The objectives of this study were to highlight and evaluate the factors affecting the non-adoption, abandonment of and challenges to scale-up, spread and sustainability of mHealth in Sub-Saharan Africa (SSA) and to assess the appropriateness of the Non-adoption, Abandonment, Scale-up, Spread, and Sustainability (NASSS) Framework in the SSA context. A systematic search of published research was conducted using PubMed and Embase research databases from 2012 to 2025. Peer-reviewed studies from SSA countries, evaluating mHealth interventions, were included in this study. Papers were analysed to identify barriers according to the seven domains of the NASSS Framework, which are (1) condition, (2) technology, (3) value proposition, (4) adopters, (5) organisation(s), (6) wider system, (7) embedding and adaptation over time RESULTS: This study identified 409 barriers across 91 papers. 309 barriers were covered by the seven NASSS Framework domains, while 100 were unaddressed by the framework.
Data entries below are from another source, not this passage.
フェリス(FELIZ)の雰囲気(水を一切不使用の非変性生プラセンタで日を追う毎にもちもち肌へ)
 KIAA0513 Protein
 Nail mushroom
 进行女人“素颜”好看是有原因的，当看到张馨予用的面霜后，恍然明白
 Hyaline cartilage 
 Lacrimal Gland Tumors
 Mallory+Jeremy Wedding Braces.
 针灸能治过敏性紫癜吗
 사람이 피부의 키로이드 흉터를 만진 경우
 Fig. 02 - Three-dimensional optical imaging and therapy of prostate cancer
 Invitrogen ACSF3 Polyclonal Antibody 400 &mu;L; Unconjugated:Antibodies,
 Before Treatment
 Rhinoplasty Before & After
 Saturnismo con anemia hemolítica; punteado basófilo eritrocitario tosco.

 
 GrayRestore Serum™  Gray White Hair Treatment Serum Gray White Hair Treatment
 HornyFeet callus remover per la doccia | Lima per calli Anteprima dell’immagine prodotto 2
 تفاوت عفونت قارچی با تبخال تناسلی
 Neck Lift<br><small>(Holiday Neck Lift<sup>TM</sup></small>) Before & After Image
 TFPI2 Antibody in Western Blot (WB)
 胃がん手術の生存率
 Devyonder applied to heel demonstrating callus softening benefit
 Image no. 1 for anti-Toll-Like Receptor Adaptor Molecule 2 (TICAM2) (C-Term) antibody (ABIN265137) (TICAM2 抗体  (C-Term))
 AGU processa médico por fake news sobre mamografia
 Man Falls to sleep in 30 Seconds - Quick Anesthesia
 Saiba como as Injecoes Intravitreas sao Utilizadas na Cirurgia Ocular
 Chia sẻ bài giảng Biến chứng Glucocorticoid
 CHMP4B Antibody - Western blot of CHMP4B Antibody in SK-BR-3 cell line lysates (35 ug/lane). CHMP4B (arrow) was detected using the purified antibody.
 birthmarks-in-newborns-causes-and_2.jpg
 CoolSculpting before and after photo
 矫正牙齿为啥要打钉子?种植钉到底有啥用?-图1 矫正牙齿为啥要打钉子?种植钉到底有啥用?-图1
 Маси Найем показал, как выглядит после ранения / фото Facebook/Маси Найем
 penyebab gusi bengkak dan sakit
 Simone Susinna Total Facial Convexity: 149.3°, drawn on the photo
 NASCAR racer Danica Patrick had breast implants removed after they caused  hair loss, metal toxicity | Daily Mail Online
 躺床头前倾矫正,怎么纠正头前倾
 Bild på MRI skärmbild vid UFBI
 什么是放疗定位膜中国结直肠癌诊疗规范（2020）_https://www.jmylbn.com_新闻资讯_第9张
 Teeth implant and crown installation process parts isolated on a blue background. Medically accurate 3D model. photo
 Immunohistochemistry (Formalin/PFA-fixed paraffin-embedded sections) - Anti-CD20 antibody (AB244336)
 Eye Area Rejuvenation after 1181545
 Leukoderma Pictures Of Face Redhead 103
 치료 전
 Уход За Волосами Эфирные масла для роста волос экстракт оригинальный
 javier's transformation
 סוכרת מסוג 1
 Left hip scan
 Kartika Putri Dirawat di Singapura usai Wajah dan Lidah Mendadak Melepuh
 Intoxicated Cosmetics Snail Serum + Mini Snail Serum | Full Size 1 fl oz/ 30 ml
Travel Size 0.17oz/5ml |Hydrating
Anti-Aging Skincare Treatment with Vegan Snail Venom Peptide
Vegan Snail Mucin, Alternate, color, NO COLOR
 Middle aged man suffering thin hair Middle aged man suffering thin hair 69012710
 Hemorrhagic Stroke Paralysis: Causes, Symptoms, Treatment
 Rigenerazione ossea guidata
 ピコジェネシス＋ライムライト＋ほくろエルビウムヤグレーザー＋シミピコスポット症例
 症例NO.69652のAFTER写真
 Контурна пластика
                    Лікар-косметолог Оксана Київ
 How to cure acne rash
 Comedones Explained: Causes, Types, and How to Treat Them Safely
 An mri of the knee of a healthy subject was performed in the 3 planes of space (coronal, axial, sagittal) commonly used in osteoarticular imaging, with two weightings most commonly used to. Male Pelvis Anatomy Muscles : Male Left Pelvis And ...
The main barriers were associated with domain 2, the technical aspects of the technology (27%). Other prominent barriers related to the wider system (18%), the adopter (11%), the organisation (9%) or condition (8%), with the value proposition (1%) and embedding and adaptation over time (1%), least hindering implementation. Challenges which were unaddressed by the framework (24%) included socioeconomic and infrastructural issues, distinct to lower and middle-income countries (LMIC). This paper highlights the importance of evaluating rudimentary aspects of mHealth and preparing infrastructure before addressing more complex issues during mHealth implementation in SSA. Although the NASSS Framework is applicable to the SSA region, it would benefit from some further development to improve its applicability in LMICs.